Macron probeerde de heersende onzekerheid over
maatschappelijke en economische thema’s te koppelen aan het gevoel dat de westerse
democratie onder druk staat. Het samengaan van democratische onrust en
economische crisis vormde in de jaren dertig immers een bron van doffe ellende.
Als we er ons vandaag tegen willen wapenen, dan moeten we tot inzicht komen (we
kunnen lessen trekken uit het verleden), het juiste inzicht formuleren
(populisten vormen een gevaar) en de juiste heiland volgen (Heilige Macron,
bescherm ons, arme zondaars, tegen al wie niet zoals u denkt). Zo eenvoudig kan
het uiteraard nooit zijn.

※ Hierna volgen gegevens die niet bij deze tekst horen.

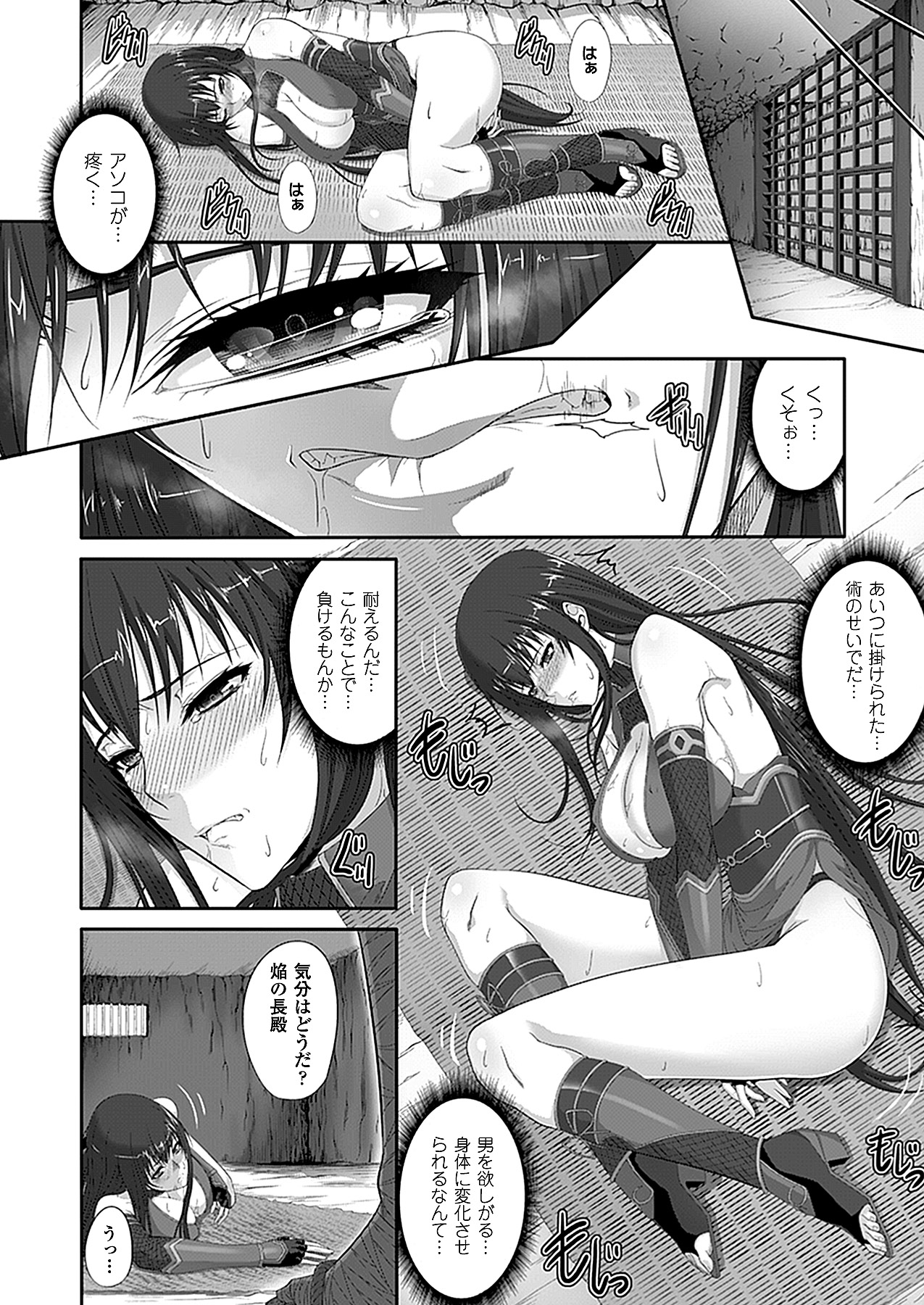 コミックアンリアル 2011年04月号 Vol.30 [DL版]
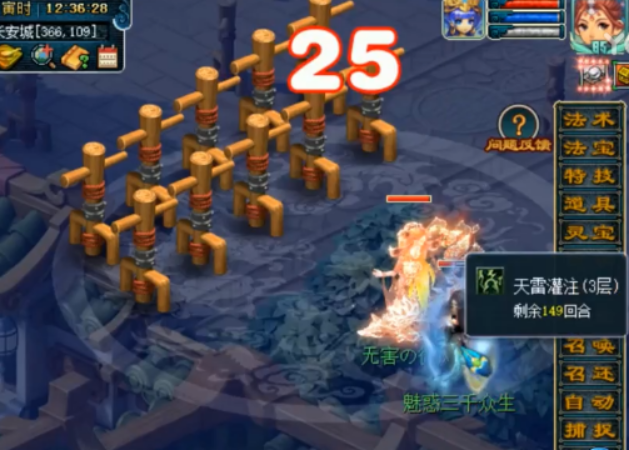 梦幻西游：告别人形须弥，再现雷电法王？门派大改魔天宫可以秒6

Dat wist zelfs Demosthenes al, de vader van de
moderne politieke retorica, aan wie deze uitspraak wordt toegeschreven: ‘Als
een mens iets hoopt, dan gelooft hij er meestal ook in.’
Hoewel Macron weinig tot geen vernieuwende daden
stelt als politicus, heeft hij zichzelf wel het imago van de vernieuwer toegeëigend.
In de eerste plaats door van zijn succesvol politiek opportunisme het
belangrijkste programmapunt te maken (het doorbreken van het immobilisme van de
klassieke partijen). Dat beeld is op ons netvlies gegrift dankzij enkele geweldig
goed georkestreerde meetings, waar hij blijk gaf van een bovengemiddeld groot
retorisch talent. De traditionele politieke ambitie om alles (niet al te) nieuw
te maken is ontelbare keren bevestigd, maar is vooral subliem geconsacreerd op
zijn staatsieportret waar hij zich liet fotograferen met Mémoires de guerre van Charles De Gaulle, Le Rouge et le Noir van Stendhal en Les Nourritures terrestres van André Gide. Vooral die laatste tekst
springt in het oog, omdat hij generaties lang de opstandige gevoelens van jonge
Europeanen heeft geprikkeld. Met als toppunt het beruchte citaat ‘famille, je vous hais!’ In zowat alle teksten
van Gide draait het om de moeilijkheden en voordelen van het opbouwen van een
persoonlijke moraal. Toen het succes van Les
Nourritures terrestres toch wat groot werd en mensen een openbaring begonnen
te lezen in plaats van een literaire tekst, schreef Gide een sussende inleiding
waarin hij de betekenis van zijn woorden trachtte te minimaliseren.
Vooruitgang, maar met mate.
(De grote man zelf over zijn reis naar Congo en zijn communisme. Maar klik zeker ook op deze link naar een pagina op Mediapart waar Gide zijn 'laatste boodschap aan de jeugd' theatraal voorleest.)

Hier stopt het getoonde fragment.